In a research first, an analysis of all the available evidence on the cognitive impacts of problematic screen use by researchers at Macquarie University has shown it interferes with vital brain functions. They have found that problematic screen use impairs a range of cognitive processes, in particular the ability to concentrate and the so-called executive functions, which include impulse control, planning, organisation and problem solving.
The research mostly looked at young males, and they tested a total of 58 different neuropsychological measures, with most examining attention and executive functioning. The classification includes excessive gaming, internet browsing, or use of social media or smartphones, that result in serious negative effects on the person’s life. These can include deterioration in mental health, poorer performance at school or work, social isolation and relationship problems, and neglect of personal health or hygiene.
The researchers identified 43 studies that assessed the neuropsychological effects of disordered screen use, ultimately including 34 in their analysis. Twenty of the 34 included studies of online and offline gaming, 12 were on internet use, and one each on social media and smartphone use. The bias towards gaming and internet use were due to these platforms having been around longer, while smartphones and social media are relative newcomers to the screen-use landscape.
Their new paper, published in Neuropsychology Review, is an overview of more than 30 studies of people who fall into the broad category of disordered screen use.
A growing problem
Currently, gaming disorders are the only type of problematic screen use to be formally classified as a mental health disorders.
Internet Gaming Disorder (IGD) was included in a section of the Diagnostic and Statistical Manual of Mental Disorders (DSM5) for new disorders requiring further study in 2013. Gaming Disorder (GD), and its sub-clinical cousin, Hazardous Gaming (HG), were ratified in the World Health Organisation’s International Classification of Disease (ICD-11) in 2019.
Pre-pandemic studies by Macquarie’s Wayne Warburton and others found that about three per cent of young people worldwide met the criteria for IGD, and between eight and 13 per cent were estimated to have some sort of HG-like problematic use. A post-COVID study found the IGD figure had probably increased to around four per cent of young people in Germany.
“Gaming may be the only type of problematic screen use to have its own clinical diagnosis, but this is a topic of increasing debate,” Professor Warburton says. Professor of Psychology, Wayne Warburton, is one of the country’s leading experts on the effects of problematic screen use.
“It is clear to us that no matter what type of screen is involved, the disorder and its impacts look the same.
Our review of the effects of disordered screen use on cognitive function supports this, with the same impacts recorded in studies looking at gaming and in excessive use of the internet, social media, and smartphones.
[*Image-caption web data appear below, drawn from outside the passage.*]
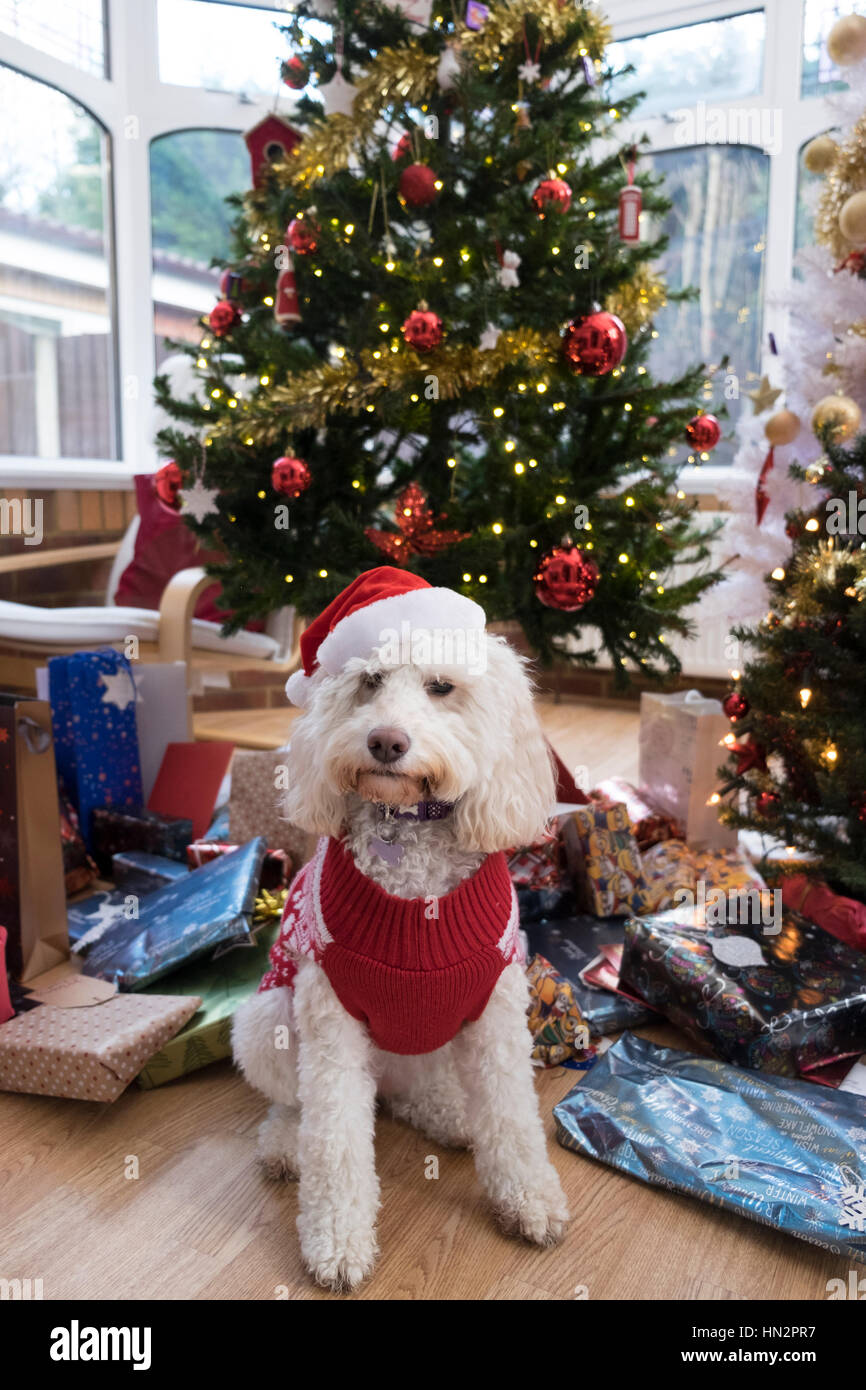 Dog, Christmas tree, and presents Stock Photo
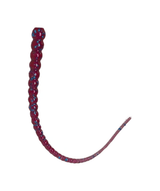 Whip Worm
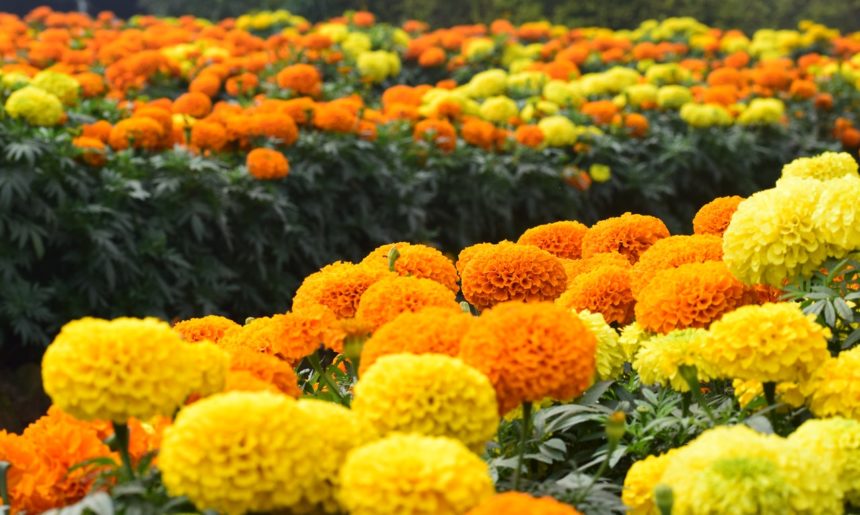 Plantas que florecen en verano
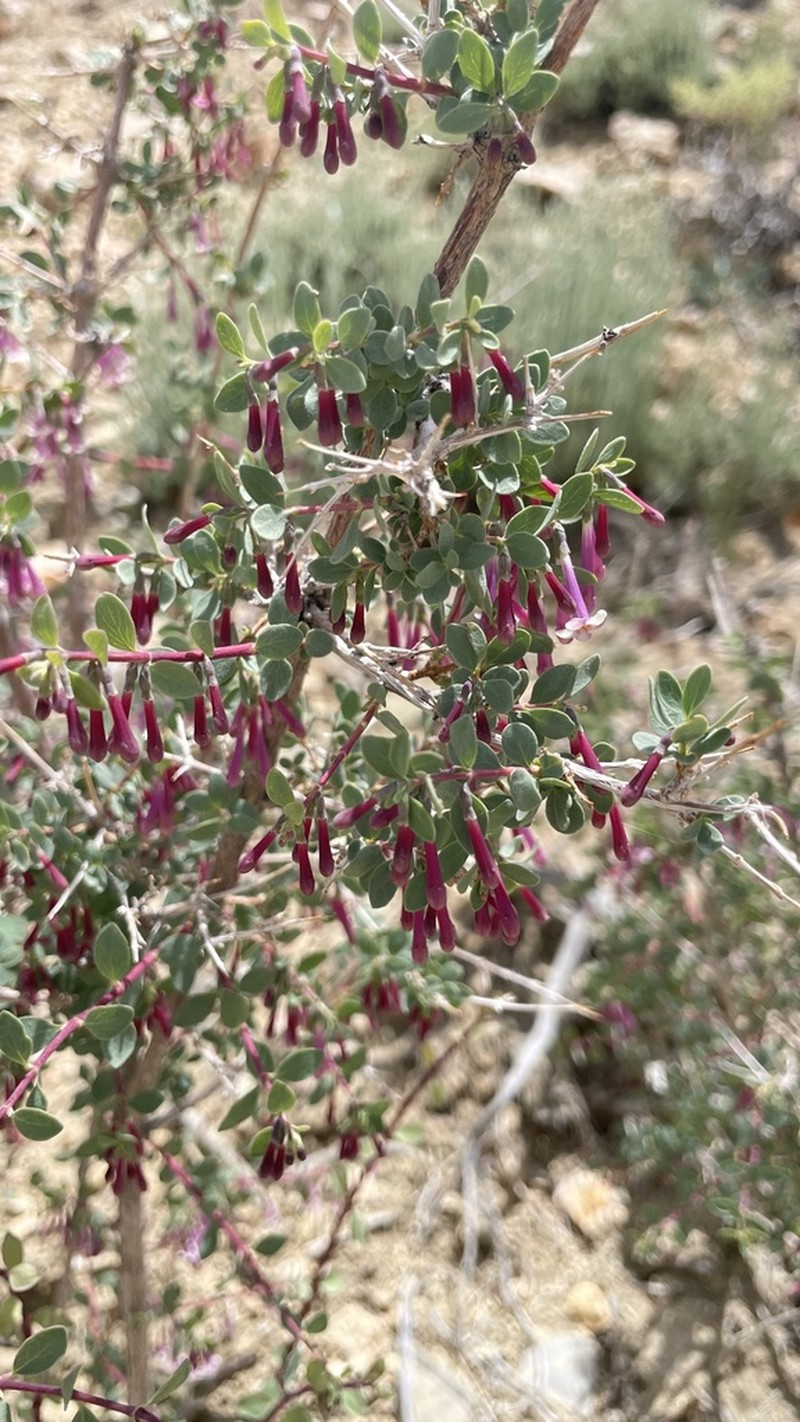 Desert Snowberry photo 6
Gaming is simply the one that’s been around the longest. “
A 2021 study of recreational screen use found teenagers were averaging eight hours and 39 minutes a day. Most guidelines recommend no more than two to three hours. “Clearly, this much screen use is cutting into time better spent sleeping, exploring, exercising, and socialising face-to-face with friends and family, so it is entirely reasonable to think that a large percentage of our young people could be at risk of crossing the line into problematic and even disordered screen use.”
Impacts can compound over time
Previous research has shown that children and adolescents are the most vulnerable to disordered screen use, and developing brains are highly sensitive to cognitive impairment. While cognitive impairment resulting from some other causes can be remediated, if left untreated, it can compound over time.
Mr Moshel says mild traumatic brain injury provides a good analogy, as it can lead to reduced cognitive performance that affects their ability to learn.
“If it is not remediated quickly and effectively, then you have what’s called the widening of the gap, where you see an increasing distance develop between these children and their peers academically.
“The effects of traumatic brain injury are well known, and cognitive remediation is one of the first things you do for a child in these circumstances. “The difference with disordered screen use is that is not yet properly recognised as a cause of cognitive impairment. Often it is not even recognised that a child has disordered screen use in the first place.”